When Aubrey started working at Atlassian, the company was only hiring around 10% women for their technical roles. In their last round of graduate hiring, they hired 57% women. Some key points that Aubrey made that resonated with me were these:

  • People are biased to want to hire people who are like them. It’s obvious when you think about it, if you have to hire someone, who want someone you can relate to and be friends with. This person is probably a lot like you.
  • It’s a common attitude to expect someone to fit into your workplace culture, and ask them how they could do so. Instead, why not hire someone for what they can add to your workplace culture?
  • Keep track of your data, conduct experiments and evaluate your results. What works for another company may not work for yours. Pure numbers reflect representation, but not true diversity. There is no book to work from when it comes to creating a workplace with a balanced diversity of thought.
  • Don’t set benchmarks. Saying you need 50:50 gender balance may lead to the processes being wrong, and hiring the wrong people, to meet a bench mark that may not even be representative of the population.

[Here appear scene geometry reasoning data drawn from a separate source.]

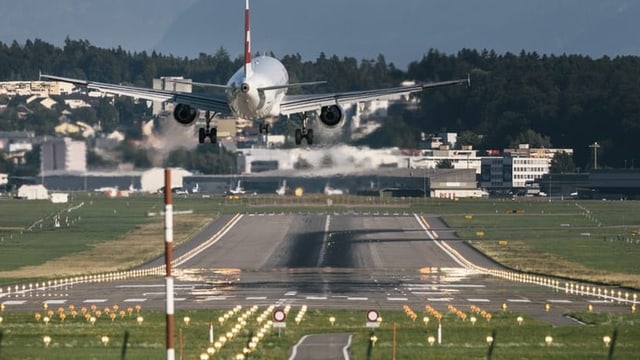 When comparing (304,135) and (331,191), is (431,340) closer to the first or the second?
(304,135)

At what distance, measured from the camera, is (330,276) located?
128 metres

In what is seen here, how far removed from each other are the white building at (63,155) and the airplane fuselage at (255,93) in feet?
176

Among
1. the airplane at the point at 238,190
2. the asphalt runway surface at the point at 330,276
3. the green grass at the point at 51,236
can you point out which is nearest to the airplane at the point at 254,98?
the asphalt runway surface at the point at 330,276

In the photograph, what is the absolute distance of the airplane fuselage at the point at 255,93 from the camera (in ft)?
268

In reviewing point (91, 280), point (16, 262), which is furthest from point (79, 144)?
point (91, 280)

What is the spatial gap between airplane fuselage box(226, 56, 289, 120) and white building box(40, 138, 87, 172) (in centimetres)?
5376

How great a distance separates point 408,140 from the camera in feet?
488

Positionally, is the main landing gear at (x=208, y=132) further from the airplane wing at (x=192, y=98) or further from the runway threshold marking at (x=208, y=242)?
the runway threshold marking at (x=208, y=242)

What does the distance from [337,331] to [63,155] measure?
6815 cm

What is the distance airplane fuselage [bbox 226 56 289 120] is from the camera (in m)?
81.8

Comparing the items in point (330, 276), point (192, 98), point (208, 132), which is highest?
point (192, 98)

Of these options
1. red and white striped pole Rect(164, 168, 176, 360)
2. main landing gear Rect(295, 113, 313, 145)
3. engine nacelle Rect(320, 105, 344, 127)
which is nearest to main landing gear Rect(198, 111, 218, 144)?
main landing gear Rect(295, 113, 313, 145)

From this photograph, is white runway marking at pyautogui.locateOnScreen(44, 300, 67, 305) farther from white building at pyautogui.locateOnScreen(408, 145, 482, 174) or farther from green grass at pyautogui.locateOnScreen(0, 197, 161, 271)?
white building at pyautogui.locateOnScreen(408, 145, 482, 174)

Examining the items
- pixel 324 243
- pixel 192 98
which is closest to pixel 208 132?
pixel 192 98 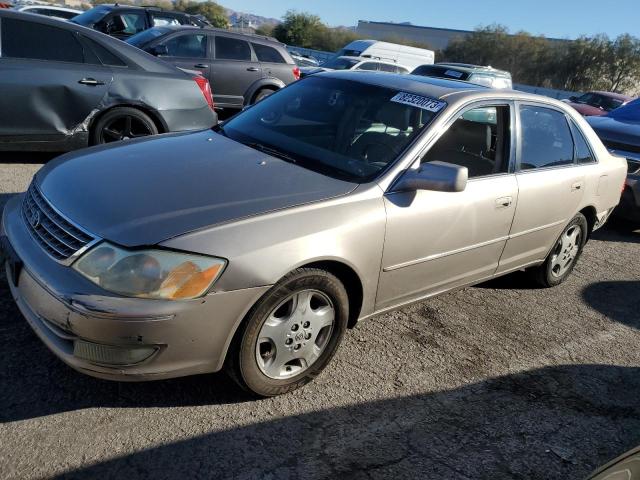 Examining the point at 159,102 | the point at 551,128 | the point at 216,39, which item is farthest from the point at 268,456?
the point at 216,39

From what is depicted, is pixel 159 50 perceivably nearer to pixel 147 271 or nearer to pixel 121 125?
pixel 121 125

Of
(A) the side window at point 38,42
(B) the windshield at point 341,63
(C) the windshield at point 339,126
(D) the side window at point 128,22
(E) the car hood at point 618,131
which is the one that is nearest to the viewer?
(C) the windshield at point 339,126

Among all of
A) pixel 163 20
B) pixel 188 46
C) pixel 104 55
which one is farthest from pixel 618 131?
pixel 163 20

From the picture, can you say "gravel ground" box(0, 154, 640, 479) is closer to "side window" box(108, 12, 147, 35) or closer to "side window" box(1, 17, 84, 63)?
"side window" box(1, 17, 84, 63)

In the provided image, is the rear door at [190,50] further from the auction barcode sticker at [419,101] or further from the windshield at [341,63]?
the windshield at [341,63]

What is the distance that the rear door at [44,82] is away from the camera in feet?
17.6

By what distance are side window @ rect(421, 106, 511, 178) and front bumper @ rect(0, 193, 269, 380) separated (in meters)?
1.68

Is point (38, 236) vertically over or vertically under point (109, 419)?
over

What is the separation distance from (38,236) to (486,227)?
2603 millimetres

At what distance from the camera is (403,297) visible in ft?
11.0

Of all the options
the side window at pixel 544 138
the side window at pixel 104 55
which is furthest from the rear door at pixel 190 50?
the side window at pixel 544 138

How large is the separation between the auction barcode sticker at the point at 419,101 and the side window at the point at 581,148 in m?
1.65

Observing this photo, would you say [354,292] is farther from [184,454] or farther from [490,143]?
[490,143]

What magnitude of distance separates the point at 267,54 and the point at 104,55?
197 inches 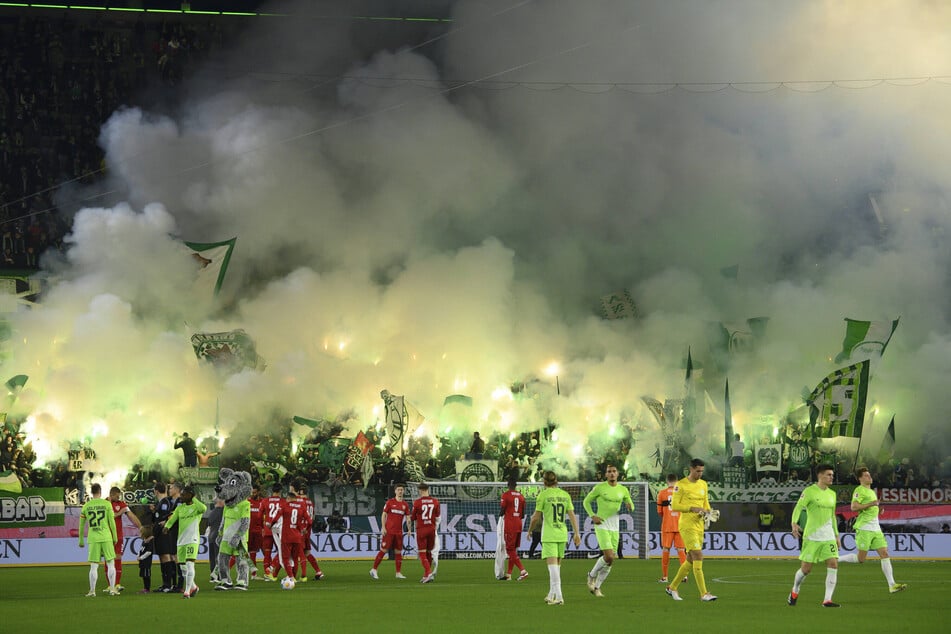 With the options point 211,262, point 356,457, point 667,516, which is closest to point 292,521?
point 667,516

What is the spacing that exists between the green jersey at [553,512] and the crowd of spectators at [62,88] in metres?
28.4

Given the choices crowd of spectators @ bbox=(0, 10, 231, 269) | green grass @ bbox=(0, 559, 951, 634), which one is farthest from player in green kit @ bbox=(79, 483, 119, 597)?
crowd of spectators @ bbox=(0, 10, 231, 269)

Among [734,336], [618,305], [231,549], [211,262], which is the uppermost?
[211,262]

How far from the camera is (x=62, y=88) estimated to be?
1725 inches

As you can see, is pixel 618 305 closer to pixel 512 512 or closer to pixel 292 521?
pixel 512 512

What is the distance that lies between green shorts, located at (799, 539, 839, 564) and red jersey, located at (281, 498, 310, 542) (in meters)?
9.26

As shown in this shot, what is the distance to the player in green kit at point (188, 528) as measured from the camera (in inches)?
717

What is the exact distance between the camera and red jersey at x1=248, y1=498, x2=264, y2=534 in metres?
21.8

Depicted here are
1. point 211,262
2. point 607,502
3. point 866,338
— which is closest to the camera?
point 607,502

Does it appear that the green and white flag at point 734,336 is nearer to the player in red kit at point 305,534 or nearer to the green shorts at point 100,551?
the player in red kit at point 305,534

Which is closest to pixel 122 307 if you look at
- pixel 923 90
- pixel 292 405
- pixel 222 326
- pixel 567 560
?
pixel 222 326

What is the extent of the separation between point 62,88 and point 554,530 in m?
34.0

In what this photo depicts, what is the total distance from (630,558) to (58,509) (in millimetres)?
15006

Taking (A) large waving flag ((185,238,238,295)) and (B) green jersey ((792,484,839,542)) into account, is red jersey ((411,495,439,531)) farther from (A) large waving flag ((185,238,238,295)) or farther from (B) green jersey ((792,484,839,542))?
(A) large waving flag ((185,238,238,295)) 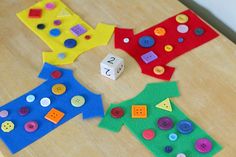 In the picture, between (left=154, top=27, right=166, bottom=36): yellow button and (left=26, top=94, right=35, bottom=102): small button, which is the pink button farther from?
(left=154, top=27, right=166, bottom=36): yellow button

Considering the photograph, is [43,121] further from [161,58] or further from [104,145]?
[161,58]

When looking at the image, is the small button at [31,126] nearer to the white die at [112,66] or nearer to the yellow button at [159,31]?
the white die at [112,66]

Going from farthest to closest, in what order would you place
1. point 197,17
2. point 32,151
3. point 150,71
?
1. point 197,17
2. point 150,71
3. point 32,151

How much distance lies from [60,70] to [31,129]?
0.18 meters

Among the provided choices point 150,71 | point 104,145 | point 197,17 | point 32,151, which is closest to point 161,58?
point 150,71

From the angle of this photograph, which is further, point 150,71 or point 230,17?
point 230,17

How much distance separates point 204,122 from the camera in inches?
36.1

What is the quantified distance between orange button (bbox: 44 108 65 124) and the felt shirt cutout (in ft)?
0.49

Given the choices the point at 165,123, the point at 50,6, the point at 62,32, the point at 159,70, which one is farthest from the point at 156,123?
the point at 50,6

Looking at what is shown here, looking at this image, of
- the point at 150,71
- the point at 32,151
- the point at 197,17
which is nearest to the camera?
the point at 32,151

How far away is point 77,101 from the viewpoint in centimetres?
95

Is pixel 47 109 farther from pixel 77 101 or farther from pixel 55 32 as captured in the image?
pixel 55 32

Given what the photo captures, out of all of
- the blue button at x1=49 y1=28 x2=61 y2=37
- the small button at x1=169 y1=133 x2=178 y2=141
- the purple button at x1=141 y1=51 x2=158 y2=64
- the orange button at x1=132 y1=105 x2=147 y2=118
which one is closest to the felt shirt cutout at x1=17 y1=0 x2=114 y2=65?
the blue button at x1=49 y1=28 x2=61 y2=37

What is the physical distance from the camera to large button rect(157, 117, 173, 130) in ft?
2.96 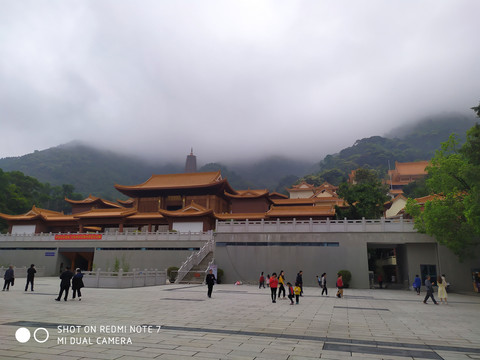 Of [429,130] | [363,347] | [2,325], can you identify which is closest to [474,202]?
[363,347]

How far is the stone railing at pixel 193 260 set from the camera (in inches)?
990

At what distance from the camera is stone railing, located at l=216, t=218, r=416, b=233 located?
1027 inches

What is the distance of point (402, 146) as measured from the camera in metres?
148

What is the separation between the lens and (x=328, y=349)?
6379mm

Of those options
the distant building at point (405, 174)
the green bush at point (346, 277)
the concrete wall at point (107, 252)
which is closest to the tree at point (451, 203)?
the green bush at point (346, 277)

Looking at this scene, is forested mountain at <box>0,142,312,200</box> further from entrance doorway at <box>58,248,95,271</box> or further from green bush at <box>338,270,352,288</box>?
green bush at <box>338,270,352,288</box>

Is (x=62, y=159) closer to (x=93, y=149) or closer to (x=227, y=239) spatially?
(x=93, y=149)

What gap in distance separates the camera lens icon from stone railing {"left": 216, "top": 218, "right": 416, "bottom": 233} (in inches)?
845

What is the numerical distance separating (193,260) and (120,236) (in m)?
11.7

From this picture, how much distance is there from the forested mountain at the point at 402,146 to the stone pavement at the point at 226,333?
11274cm

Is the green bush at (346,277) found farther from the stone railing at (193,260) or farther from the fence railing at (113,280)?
the fence railing at (113,280)

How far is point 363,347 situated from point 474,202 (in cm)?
1469

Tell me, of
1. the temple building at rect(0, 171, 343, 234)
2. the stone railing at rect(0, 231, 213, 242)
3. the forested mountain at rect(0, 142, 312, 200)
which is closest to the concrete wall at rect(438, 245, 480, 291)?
the temple building at rect(0, 171, 343, 234)

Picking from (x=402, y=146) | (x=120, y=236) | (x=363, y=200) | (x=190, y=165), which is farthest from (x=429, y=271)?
(x=402, y=146) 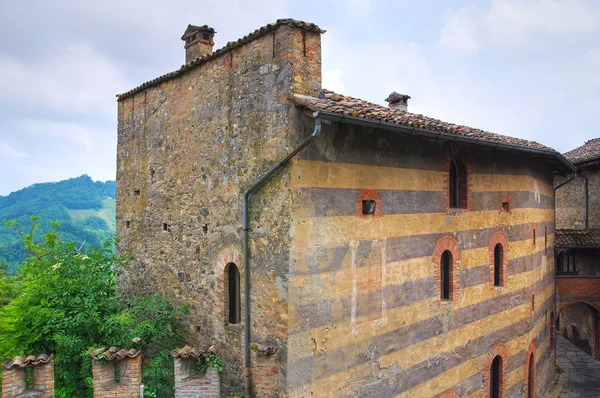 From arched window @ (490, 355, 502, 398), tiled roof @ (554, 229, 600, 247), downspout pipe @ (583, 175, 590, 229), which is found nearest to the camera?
arched window @ (490, 355, 502, 398)

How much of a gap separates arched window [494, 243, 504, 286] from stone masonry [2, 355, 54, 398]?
9385mm

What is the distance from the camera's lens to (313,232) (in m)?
6.65

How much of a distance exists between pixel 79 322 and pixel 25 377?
6.81 feet

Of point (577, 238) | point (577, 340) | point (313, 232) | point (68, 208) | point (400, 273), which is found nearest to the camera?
point (313, 232)

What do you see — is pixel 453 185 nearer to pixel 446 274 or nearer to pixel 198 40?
pixel 446 274

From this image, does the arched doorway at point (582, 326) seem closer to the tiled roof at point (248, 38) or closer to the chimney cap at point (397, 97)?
the chimney cap at point (397, 97)

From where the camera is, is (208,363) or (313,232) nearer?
(313,232)

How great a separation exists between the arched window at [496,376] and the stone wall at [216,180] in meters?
6.52

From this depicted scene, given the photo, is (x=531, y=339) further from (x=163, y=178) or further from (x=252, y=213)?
(x=163, y=178)

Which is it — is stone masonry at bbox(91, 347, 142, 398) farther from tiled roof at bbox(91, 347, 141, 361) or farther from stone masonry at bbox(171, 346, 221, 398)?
stone masonry at bbox(171, 346, 221, 398)

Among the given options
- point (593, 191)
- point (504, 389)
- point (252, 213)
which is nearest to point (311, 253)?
point (252, 213)

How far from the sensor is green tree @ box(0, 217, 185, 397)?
27.4 feet

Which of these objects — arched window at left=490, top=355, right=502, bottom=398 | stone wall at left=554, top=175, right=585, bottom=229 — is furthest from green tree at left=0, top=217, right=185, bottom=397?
stone wall at left=554, top=175, right=585, bottom=229

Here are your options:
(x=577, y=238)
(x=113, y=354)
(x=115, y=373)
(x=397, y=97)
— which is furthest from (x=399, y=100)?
(x=115, y=373)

My favourite thing she said, was something that surprised me the most:

  • Don’t start with gender equality.

I am a mad advocate for gender equality in science, but I could not agree with her more. Fix the processes, grow your pool of applicants and ensure your team is trained to hire only the best people. How did Aubrey achieve a 57% female graduate hire? She told the hiring team simply to ‘hire the best people’. There was no quota to meet. Simply put, 57% of the best candidates were women. To start with trying to tackle gender equality in a business is seen as noble, and at the moment let’s be honest, it’s fashionable. At the moment, I can see it leading to women in jobs they feel like they don’t deserve, because there was a quota. I see men judging womens technical skills, because there was a quota. I honestly believe we won’t achieve gender equality until we have equality overall. Starting with only getting more women into tech, well that seems to a step in the wrong direction to me.

Read more on Aubrey’s work here.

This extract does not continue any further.